Task brief → Beneath this line are entries. Copy the range from the line with "J. Crew Women’s" to the line with "Veste sans manches en feutrine kaki", ends included, exactly; leave pictures out.

Data extracts →
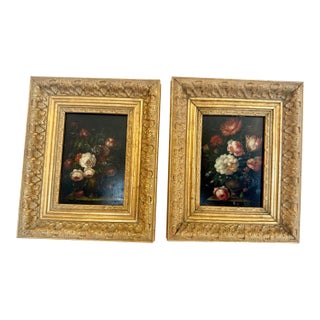 Vintage Floral Still Life Paintings in Giltwood Frames -a Pair For Sale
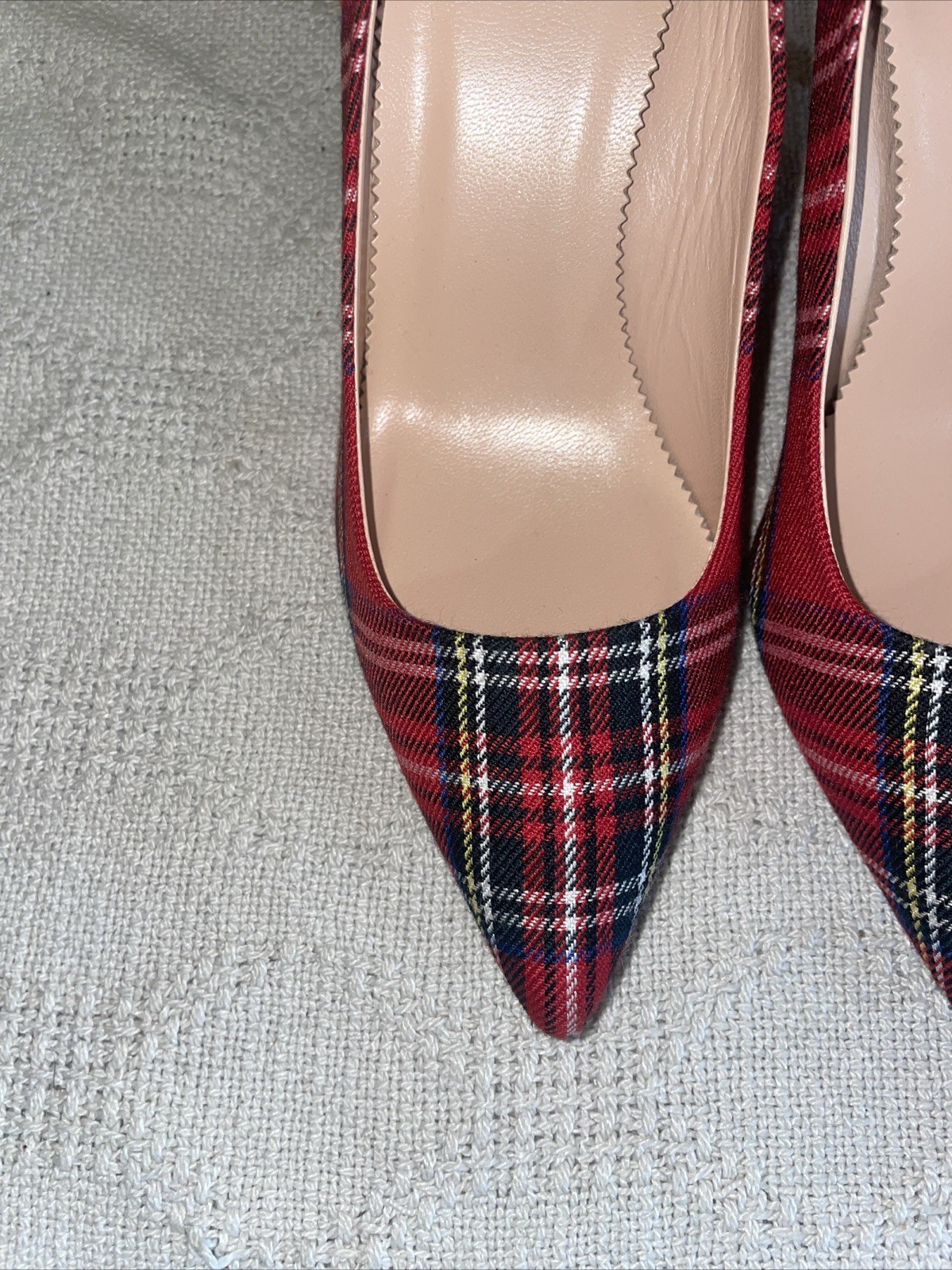 J. Crew Women’s Dress Heels Size 6 B Red Plaid Business Formal Going out NWOB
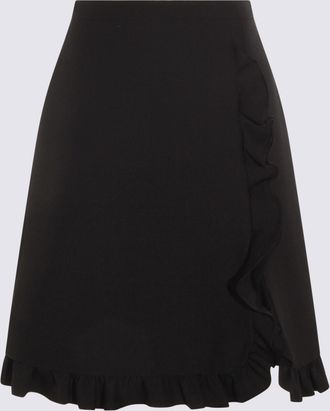 Valentino Black Wool Skirt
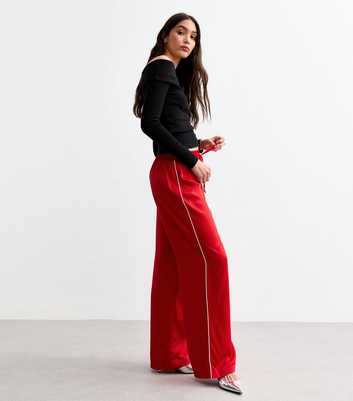 Red Side Stripe Satin Wide Leg Trousers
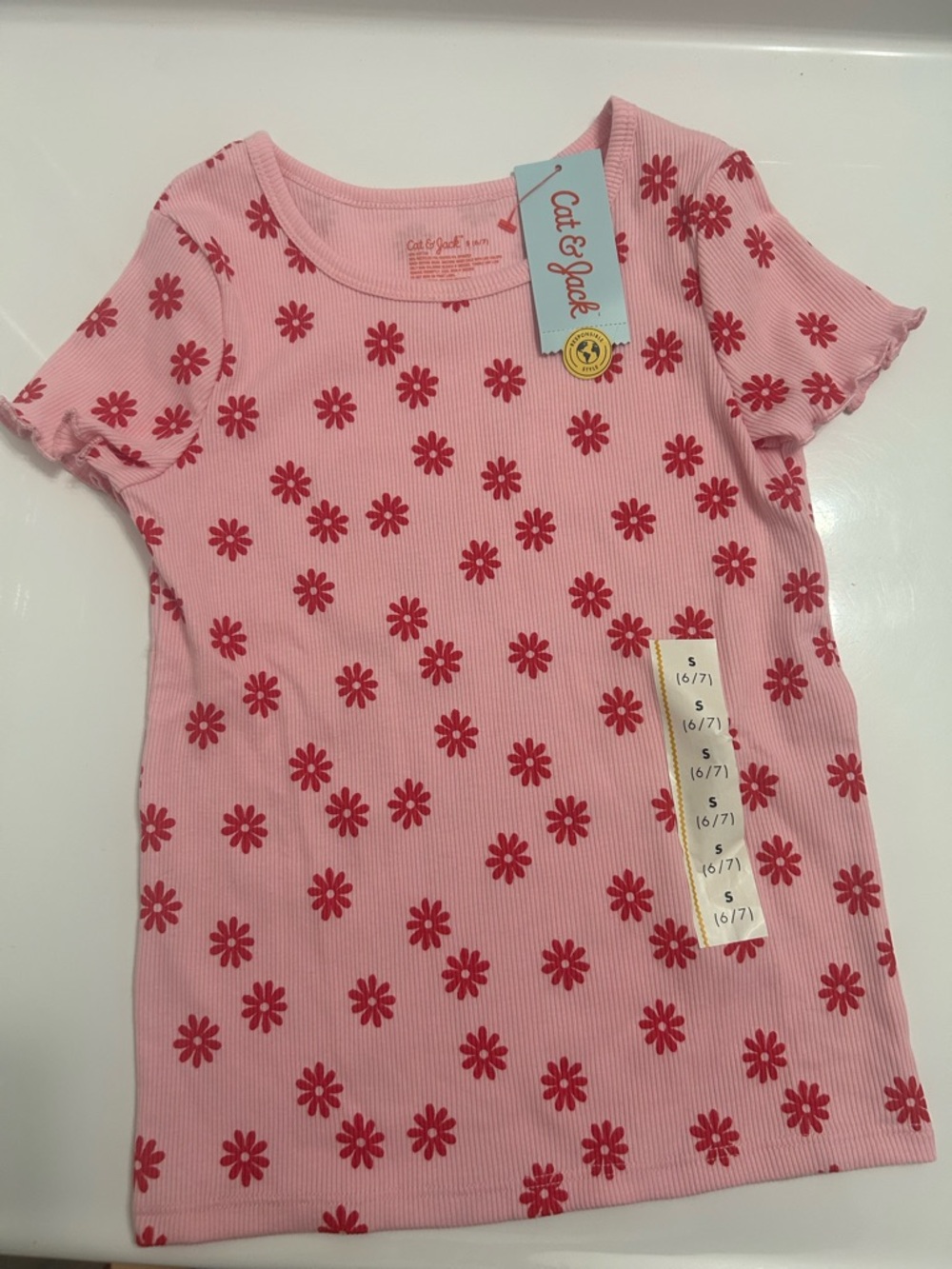 Cat & Jack Pink Tee with Red Daisy Print - Short Sleeve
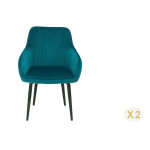 Chaises en velours turquoise avec accoudoir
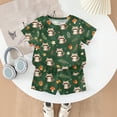 thumbnail image 5 of Girls' Clothing Sets Summer Outfits Size 7-8 Cute Funny Cartoon Animal Print Two Piece Outfits Lounge Set Casual Short Sleeve Tee Top and High Waist Shorts Clothing Sets Dark Green 2-3 Years, 5 of 8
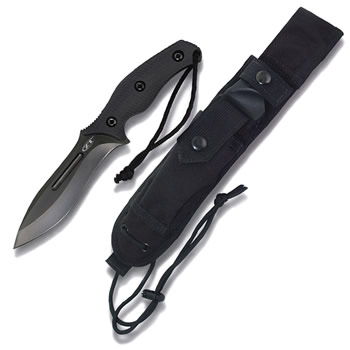 Knife and sheath with paracord attached.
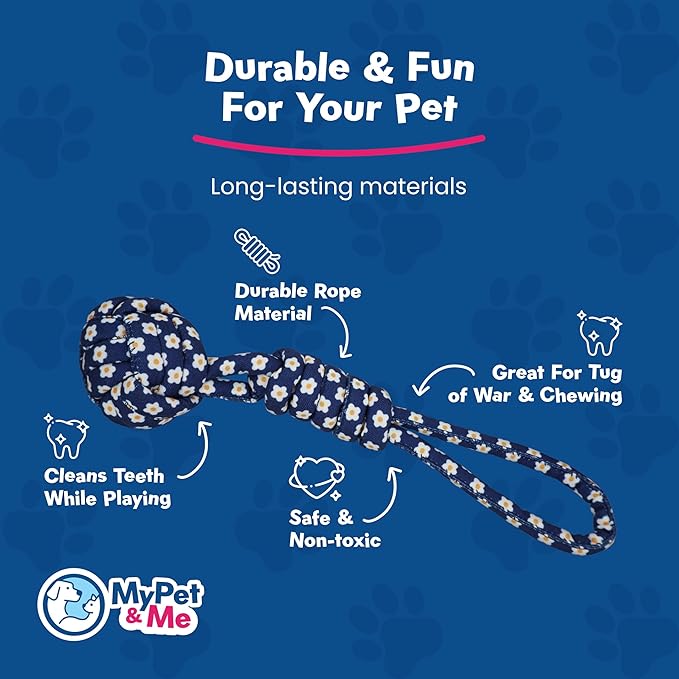 My Pet & Me - Durable Knotted Rope Dog Toy (13 Inch) - Playful Chew Toy for Puppies & Active Dogs - Great for Tug of War, Teething, and Interactive Play - Ideal for Indoor & Outdoor Fun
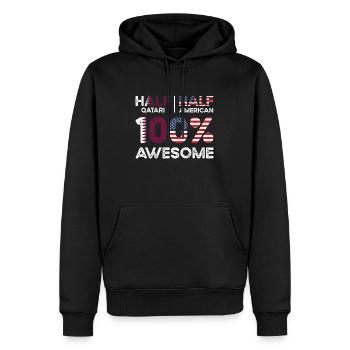 Né au Qatar Qatar États-Unis - Sweat à capuche Premium bio Homme - noir - Devant - Nico (187cm)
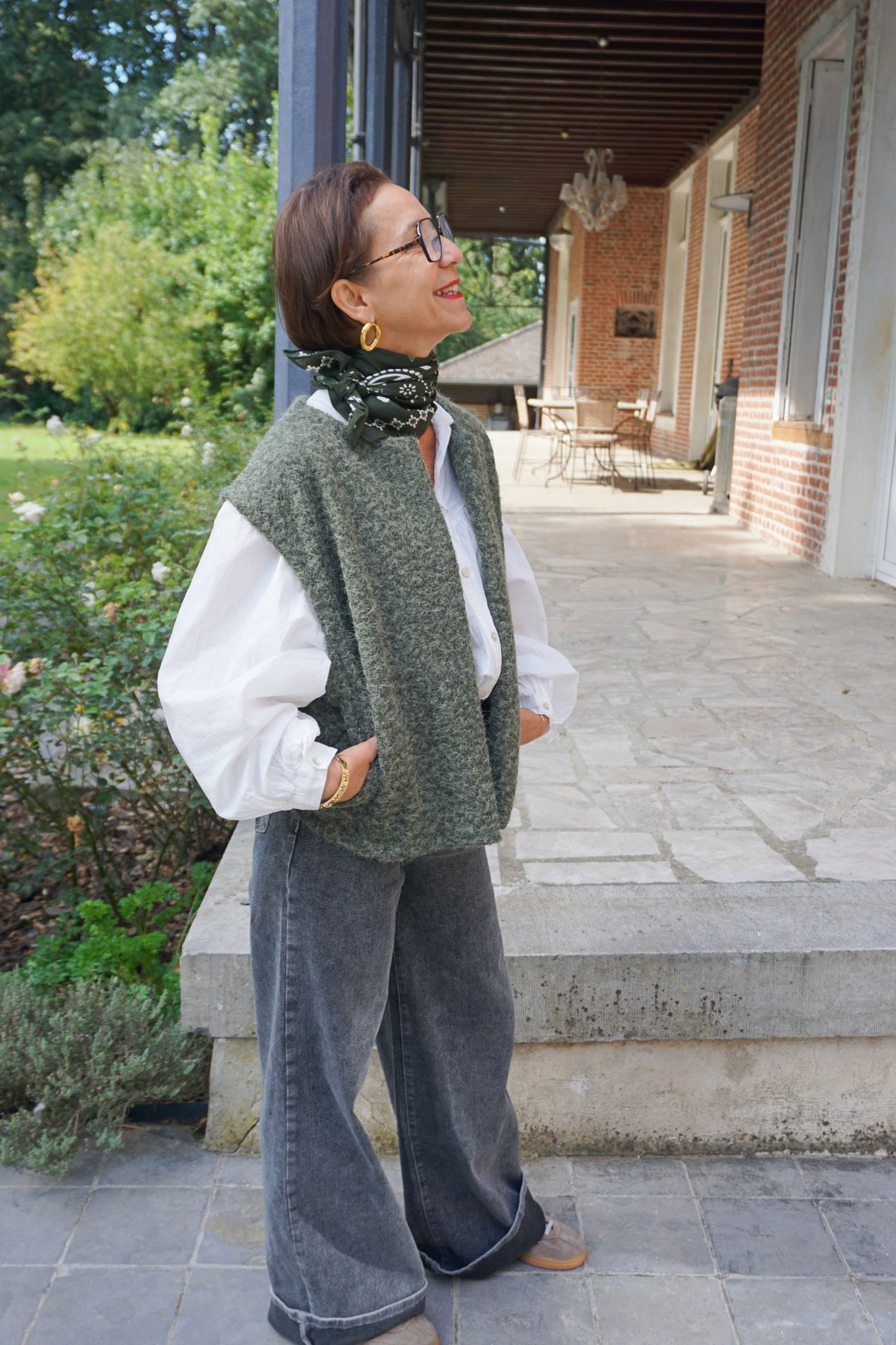 Veste sans manches en feutrine kaki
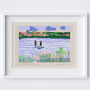 Paddleboarding Art Print Stand Up Paddle Board Lake Scene Poster, thumbnail 2 of 9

Completed task →
 J. Crew Women’s Dress Heels Size 6 B Red Plaid Business Formal Going out NWOB
 Valentino Black Wool Skirt
 Red Side Stripe Satin Wide Leg Trousers
 Cat & Jack Pink Tee with Red Daisy Print - Short Sleeve
 Chaises en velours turquoise avec accoudoir
 thumbnail image 5 of Girls' Clothing Sets Summer Outfits Size 7-8 Cute Funny Cartoon Animal Print Two Piece Outfits Lounge Set Casual Short Sleeve Tee Top and High Waist Shorts Clothing Sets Dark Green 2-3 Years, 5 of 8
 Knife and sheath with paracord attached.
 My Pet & Me - Durable Knotted Rope Dog Toy (13 Inch) - Playful Chew Toy for Puppies & Active Dogs - Great for Tug of War, Teething, and Interactive Play - Ideal for Indoor & Outdoor Fun
 Né au Qatar Qatar États-Unis - Sweat à capuche Premium bio Homme - noir - Devant - Nico (187cm)
 Veste sans manches en feutrine kaki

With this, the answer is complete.